ARF

class synthyverse.generators.arf_generator.ARFGenerator(num_trees=20, delta=0.0, max_iters=10, early_stop=True, verbose=True, min_node_size=5, retain_value_ranges=False, random_state=0, **kwargs)[source]

Bases: TabularBaseGenerator

Adversarial Random Forest (ARF).

ARF leverages random forests in alternating rounds of generation/discrimination to estimate densities and generate synthetic data.

Uses the arfpy package implementation.

Paper: “Adversarial random forests for density estimation and generative modeling” by Watson et al. (2023).

Parameters:
  • num_trees (int) – Number of trees in the random forests. Default: 20.

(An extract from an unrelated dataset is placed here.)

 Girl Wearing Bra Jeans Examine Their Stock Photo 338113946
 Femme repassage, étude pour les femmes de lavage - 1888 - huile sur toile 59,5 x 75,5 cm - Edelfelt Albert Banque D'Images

  • delta (float) – Tolerance parameter for convergence. Default: 0.0.

  • max_iters (int) – Maximum number of adversarial iterations. Default: 10.

  • early_stop (bool) – Whether to use early stopping. Default: True.

  • verbose (bool) – Whether to print training progress. Default: True.

  • min_node_size (int) – Minimum leaf node samples in trees. Default: 5.

  • retain_value_ranges (bool) – Whether to clip numerical features to training ranges after generation. Default: False.

  • random_state (int) – Random seed for reproducibility. Default: 0.

  • **kwargs – Additional arguments passed to TabularBaseGenerator.

Example

>>> import pandas as pd
>>> from synthyverse.generators import ARFGenerator
>>>
>>> # Load data
>>> X = pd.read_csv("data.csv")
>>> discrete_features = ["category_col"]
>>>
>>> # Create generator
>>> generator = ARFGenerator(
...     num_trees=50,
...     max_iters=10,
...     early_stop=True,
...     random_state=42
... )
>>>
>>> # Fit and generate
>>> generator.fit(X, discrete_features)
>>> X_syn = generator.generate(1000)